## What you have to do
Return the entries exactly. Images are not part of the copy.

## Given data
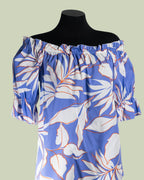 Blusa Off-Shoulder con Stampa Tropicale e Maniche a Sbuffo – Talissa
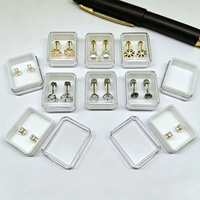 Mini boîte de rangement carrée en plastique pour boucles d'oreilles, avec couvercle transparent blanc, étui à bijoux pour clous d'oreilles, accessoires de piercing au cartilage, emballage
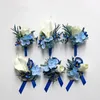 Decorative Flowers Breast Flower Hand Wrist Wedding Pography Business Celebration Opening Lapel Rose Calla Lily Blue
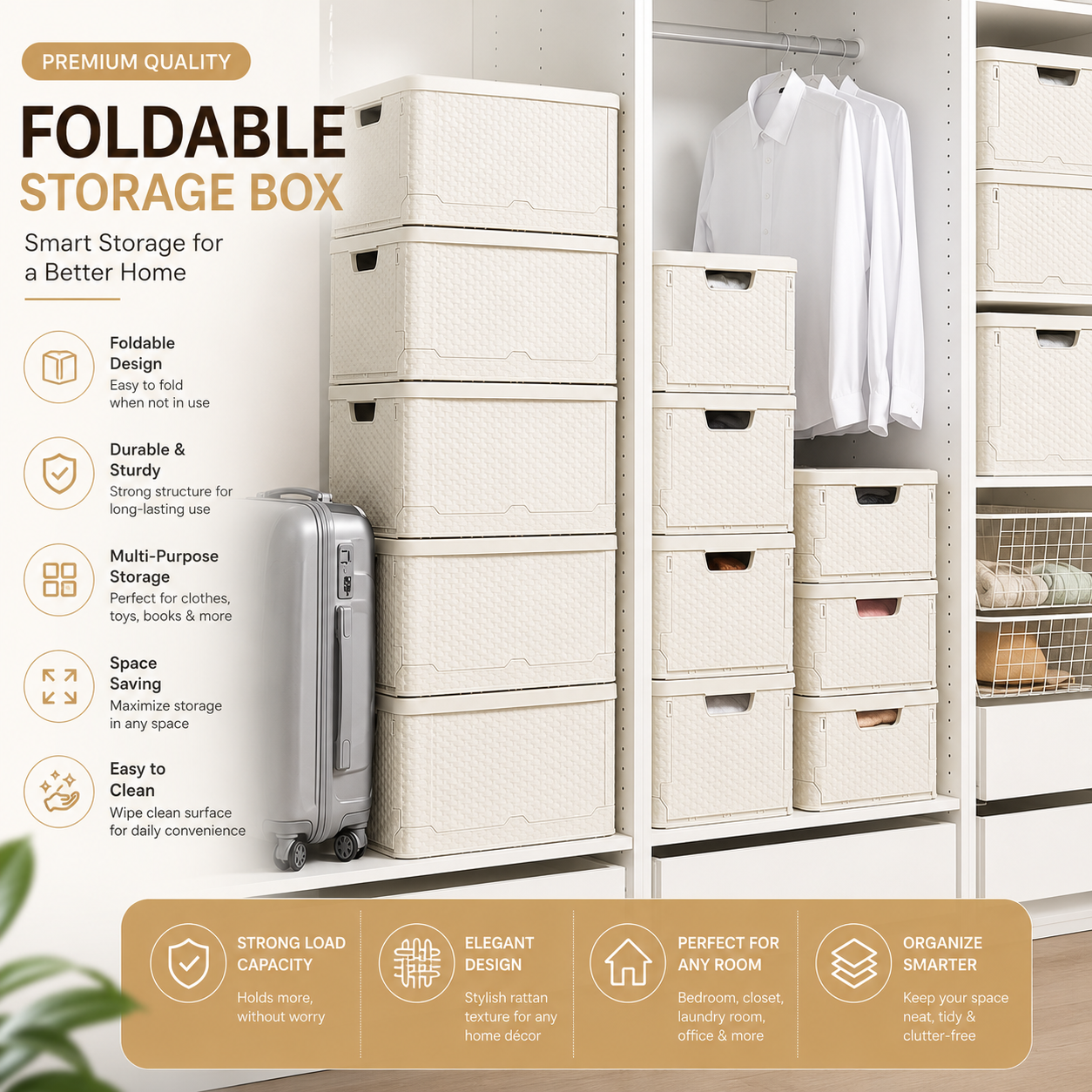 Foldable Storage Box with Lid – Organizer for Clothes, Toys & Household Items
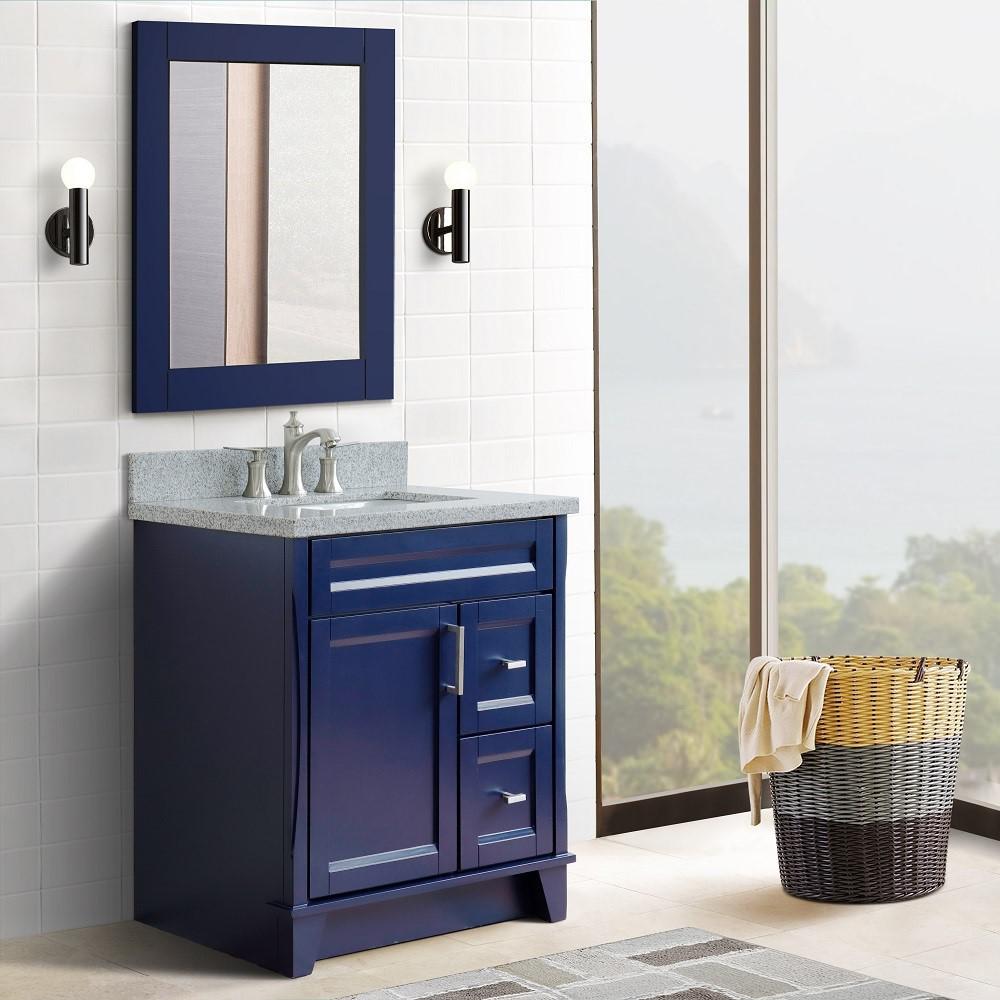 31 Single sink vanity in Blue finish with Gray granite with rectangle sink. Picture 2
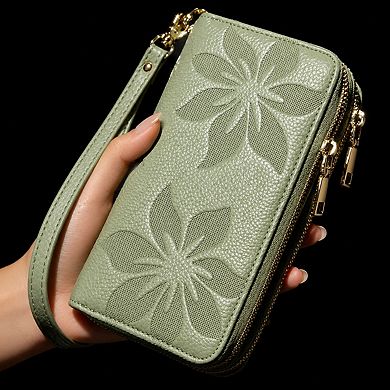 KSIZUIS Women's RFID Blocking Leather Wristlet Wallet Double Zip Large Capacity Card Phone Holder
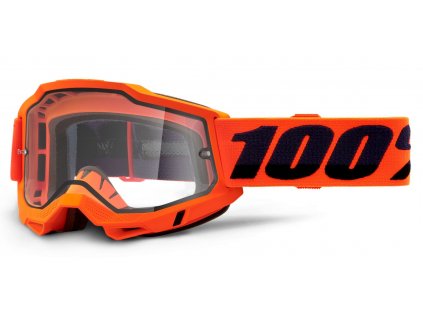 ACCURI 2, 100% Enduro Moto brýle Orange, čiré Dual plexi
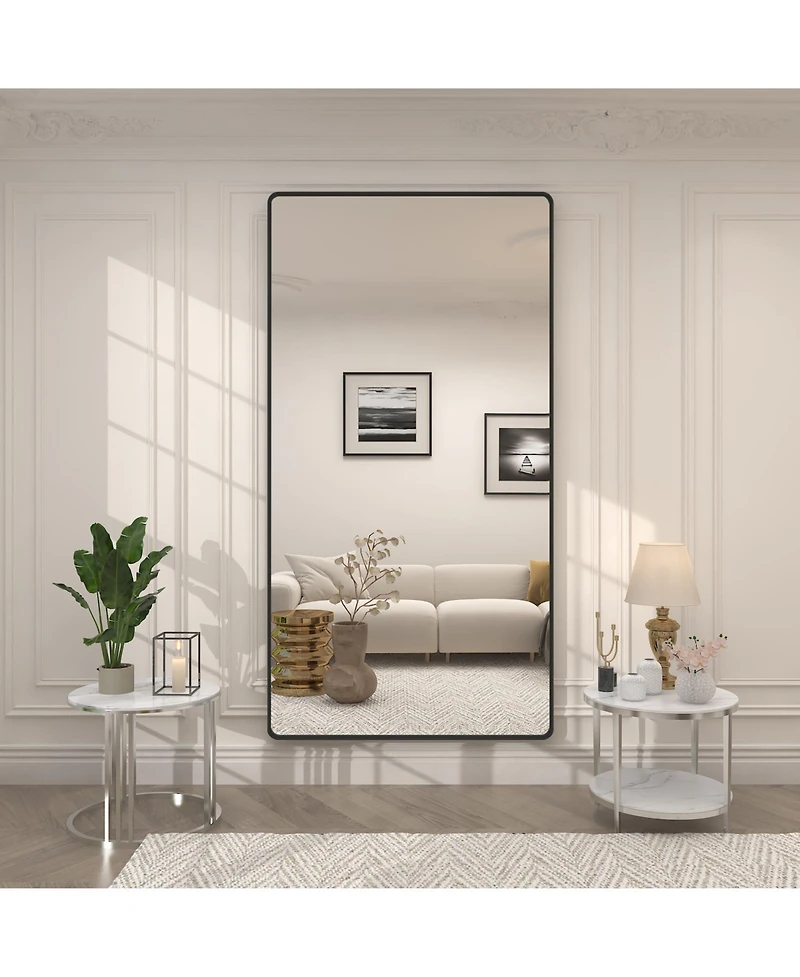 Apmir 72" x 36" High-Strength Tempered Glass and Aluminum Alloy Framed Wall Decor Bathroom Vanity Mirror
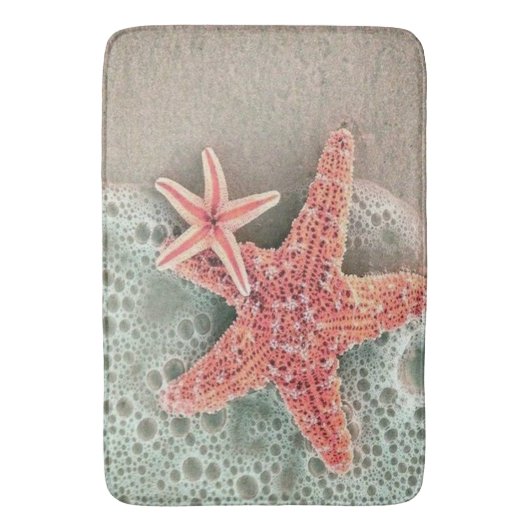 strand zand met zeestervis badmat (Voorkant Verticaal)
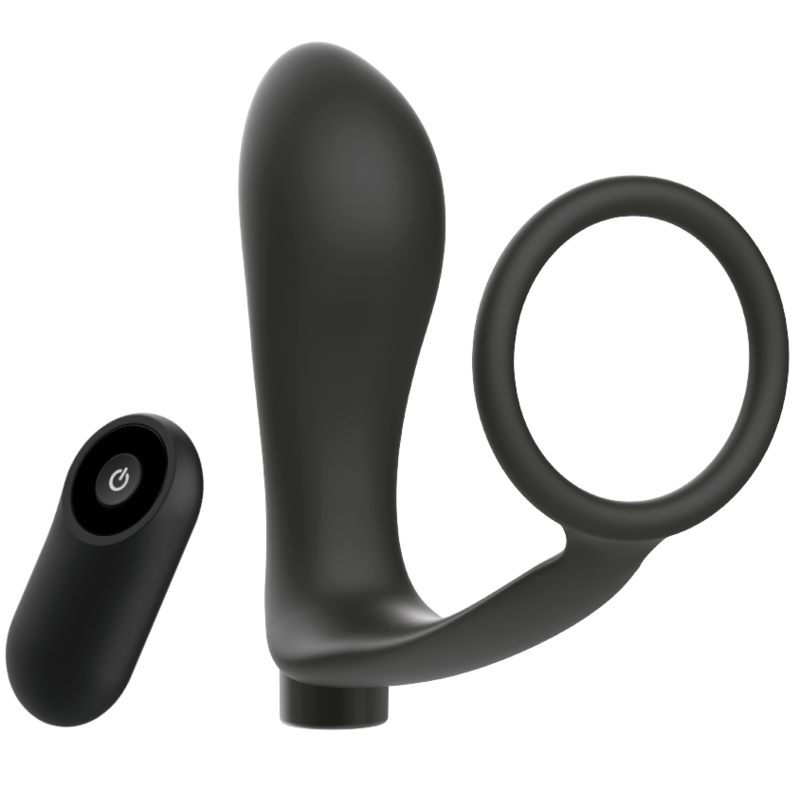ADDICTED TOYS - BLACK REMOTE CONTROLLED ANAL PLUG RECHARGEABLE PENIS RING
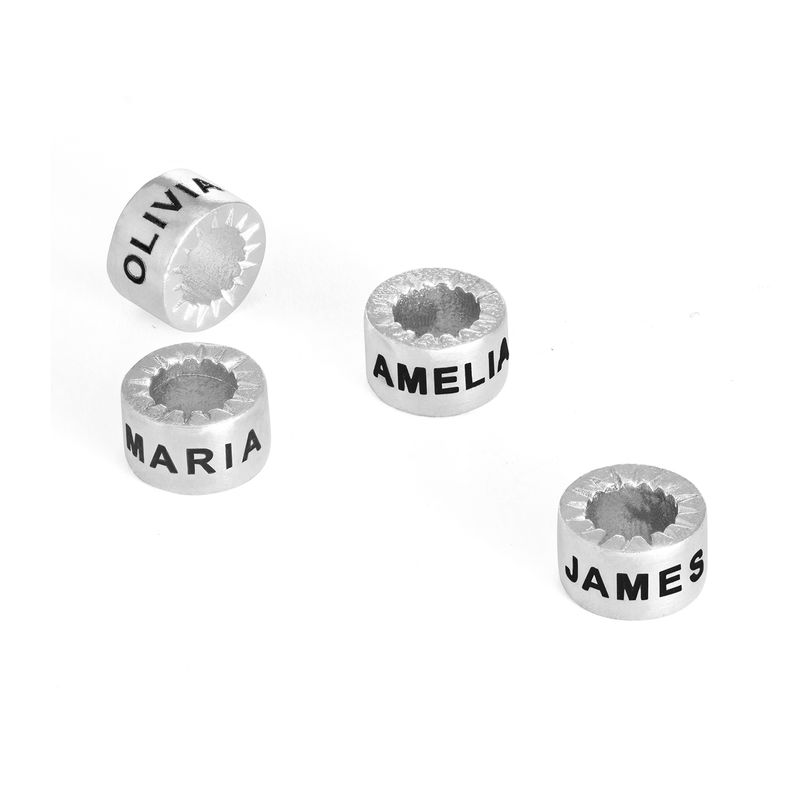 Custom Engraved Beads in Sterling Silver for Linda Jewelry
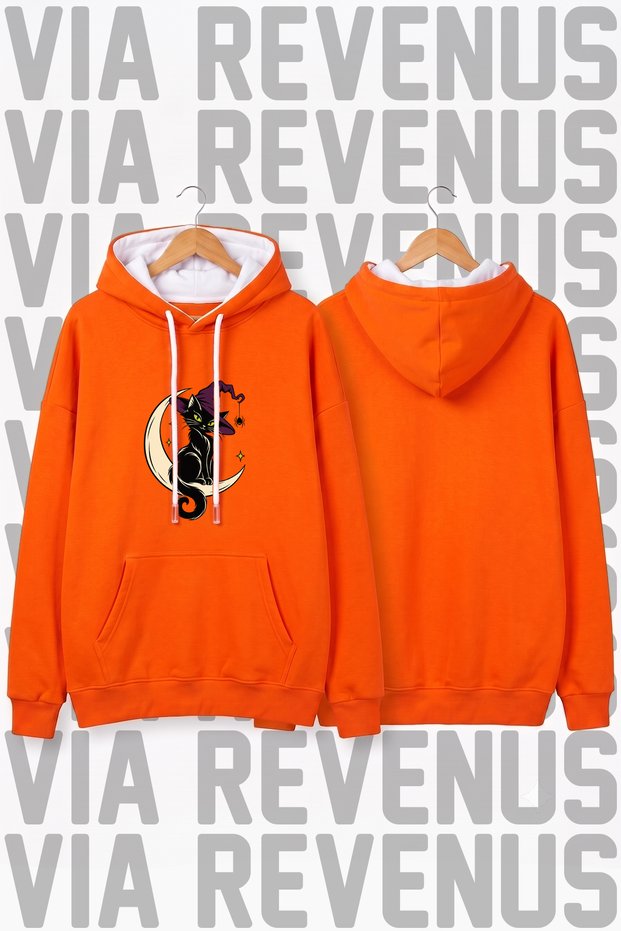 Witch Cat Halloween Printed Unisex Wide Fit Orange Hooded Hoodie Sweatshirt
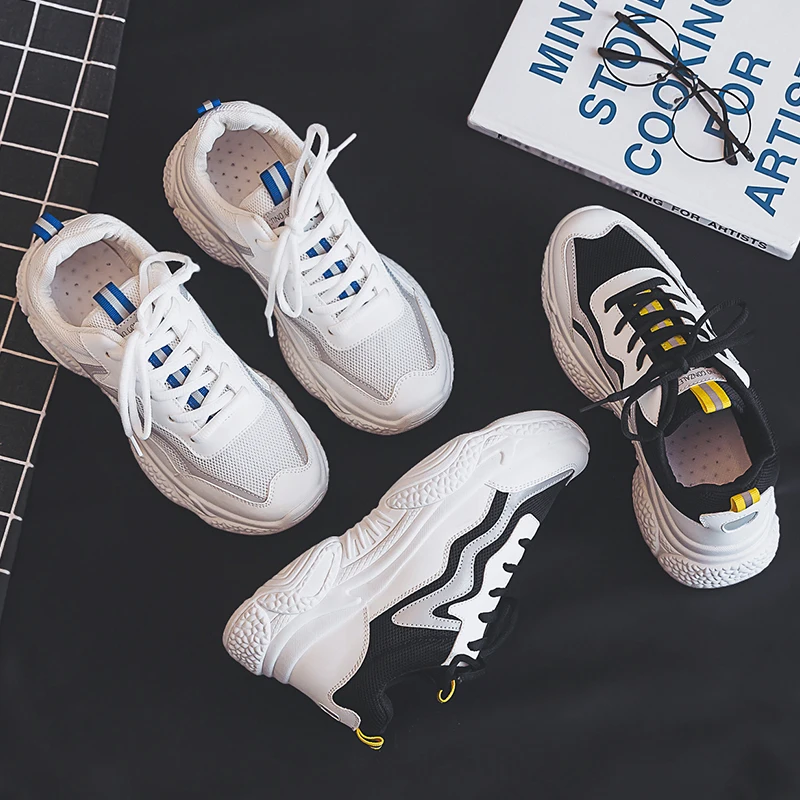 Кроссовки женские массивные на платформе Вулканизированная подошва шнуровке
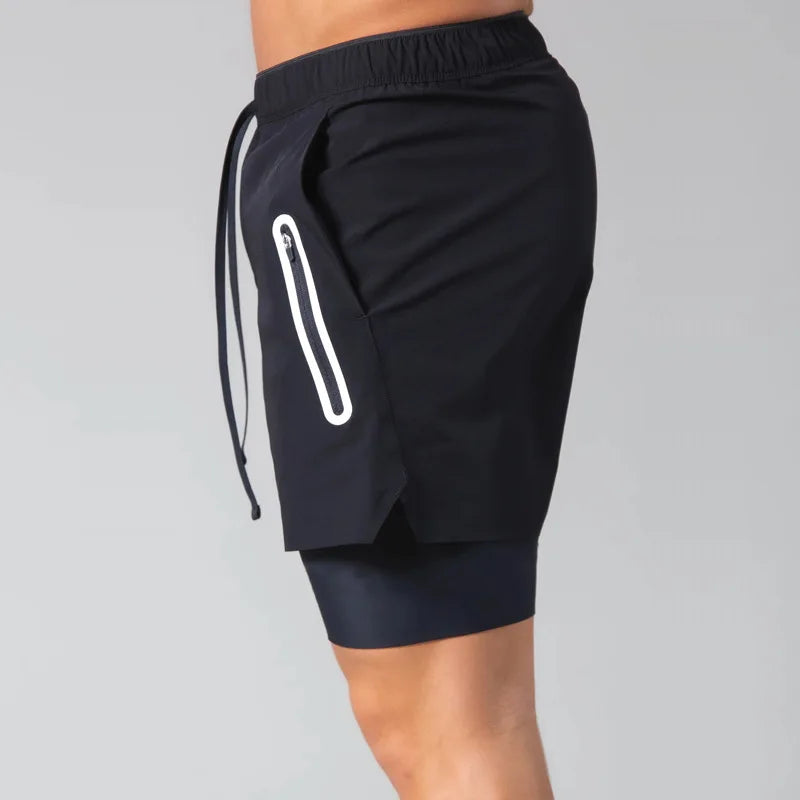 Double-deck fitness sports shorts men summer quick drying breathable woven Shorts Men's 2 IN 1training Gyms clothing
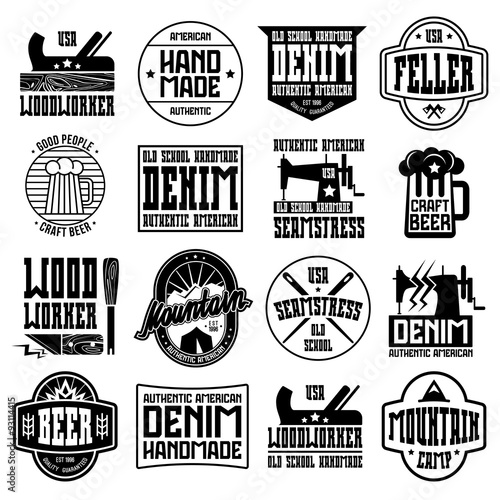 Handcrafted badges in retro style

## Task result
 Blusa Off-Shoulder con Stampa Tropicale e Maniche a Sbuffo – Talissa
 Mini boîte de rangement carrée en plastique pour boucles d'oreilles, avec couvercle transparent blanc, étui à bijoux pour clous d'oreilles, accessoires de piercing au cartilage, emballage
 Decorative Flowers Breast Flower Hand Wrist Wedding Pography Business Celebration Opening Lapel Rose Calla Lily Blue
 Foldable Storage Box with Lid – Organizer for Clothes, Toys & Household Items
 31 Single sink vanity in Blue finish with Gray granite with rectangle sink. Picture 2
 KSIZUIS Women's RFID Blocking Leather Wristlet Wallet Double Zip Large Capacity Card Phone Holder
 ACCURI 2, 100% Enduro Moto brýle Orange, čiré Dual plexi
 Apmir 72" x 36" High-Strength Tempered Glass and Aluminum Alloy Framed Wall Decor Bathroom Vanity Mirror
 strand zand met zeestervis badmat (Voorkant Verticaal)
ADDICTED TOYS - BLACK REMOTE CONTROLLED ANAL PLUG RECHARGEABLE PENIS RING
 Custom Engraved Beads in Sterling Silver for Linda Jewelry
 Witch Cat Halloween Printed Unisex Wide Fit Orange Hooded Hoodie Sweatshirt
 Кроссовки женские массивные на платформе Вулканизированная подошва шнуровке
 Double-deck fitness sports shorts men summer quick drying breathable woven Shorts Men's 2 IN 1training Gyms clothing
 Handcrafted badges in retro style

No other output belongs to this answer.